Please report back if you try the truffle; confess I’ve never in 40 years of using the recipe.
Cooking Romanesco: like broccoli and cauliflower, chunks are tastiest steam-sautaéed.
1. Cut off florets, cut interior into slightly-less-than floret size chunks. Boil about 1/2 inch of water in a non-reactive sautaé pan large enough to hold the pieces in a single layer. Add pieces, partially cover the pan and stay nearby, alert for the sizzle of “watersallgoneeeek!”. Shake pan (or stir contents) from time to time.
2. In less than 5 minutes, when almost all of the water has evaporated, test a chunk. If it’s still near-raw, turn down the heat, cover the pan and keep cooking until almost done. If initial boiling yields almost done, proceed at once to
3. Remove cover. Stand right there shaking the pan until it’s dry, then add enough olive oil or butter to coat all pieces thinly. Add seasonings if wanted: minced garlic, shredded lemon zest, julienned sweet or hot red pepper, toasted cumin seeds… Turn heat to medium and keep cooking until the chunks are just cooked through and starting to turn gold at the edges. Sprinkle w/ coarse salt and eat ’em up. Good cold if you use olive oil.

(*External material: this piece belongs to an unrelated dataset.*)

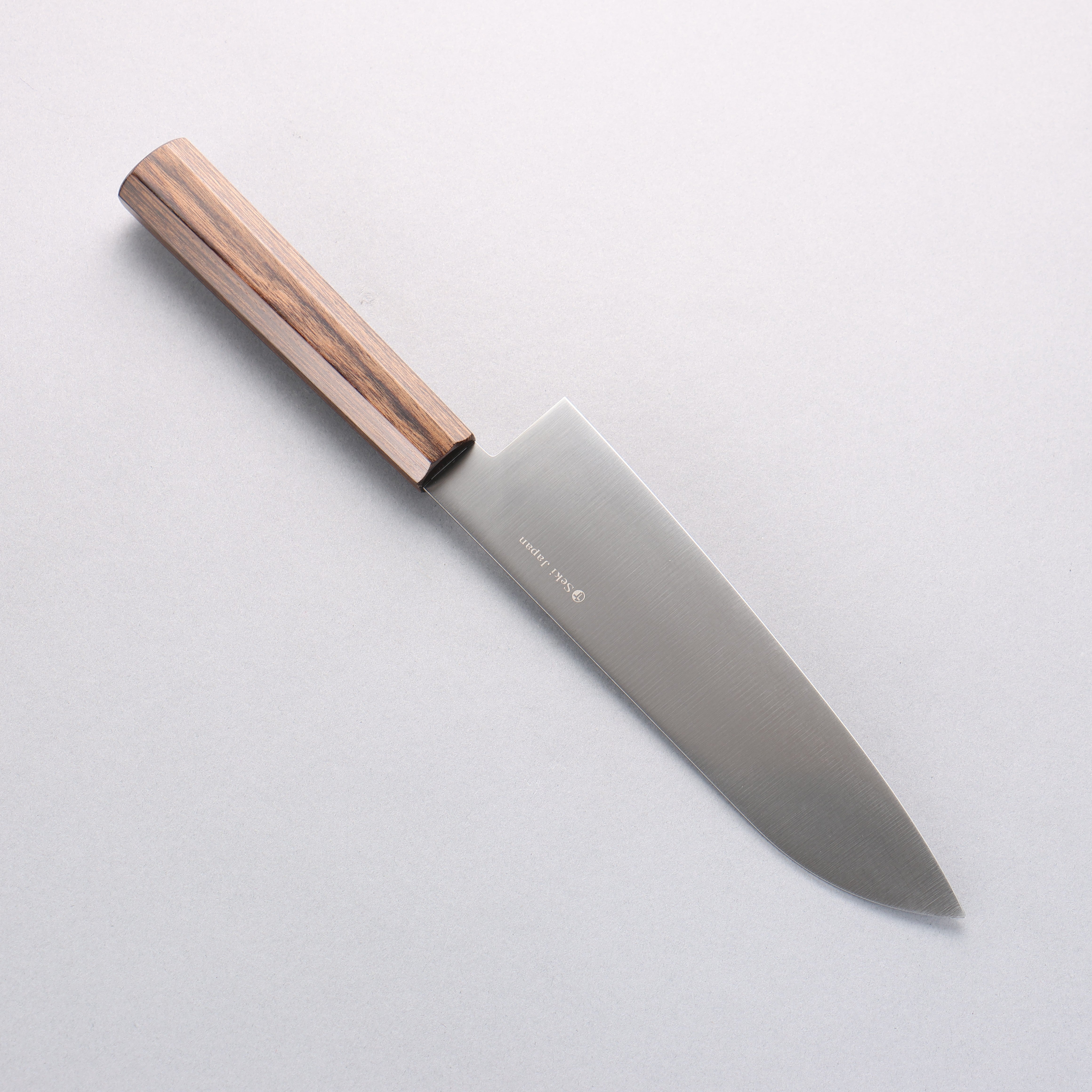Kanetsune Ichizu VG10 Santoku Knife 180mm - High Carbon Stainless Steel Blade with Brown Pakka Wood Handle - Perfect for Slicing, Dicing & Mincing in Professional & Home Kitchens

Why I say growing Romanesco is a pain:
There are a number of different cultivars, some hybrid, some open pollinated (Romanesco dates back to at least the 16th century), but even the earliest takes about 80 days to single-head-per-plant harvest , counting from when you plant out the 4 to 6 week old seedlings. Seedlings are frost tender, but those 80 days must all be cool ones, so Romanesco is a fall crop in the Northeast.
That means getting the seedlings going in the heat of summer, a challenge given their preferred growing temperature of roughly 60 degrees. Then, Romanesco being a cauliflower, it needs near-neutral, highly-fertile soil, plenty of moisture, plenty of room to grow – at least 18 inches between plants and 30 inches between rows – and plenty of attention to bug and disease prevention; Romanesco is vulnerable to every one of the 350,000 afflictions that target brassicas. Other than that, piece of cake.
John Walker was attracted by Romanesco’s fractal form, then fell briefly into vegetable love before once more romancing the math.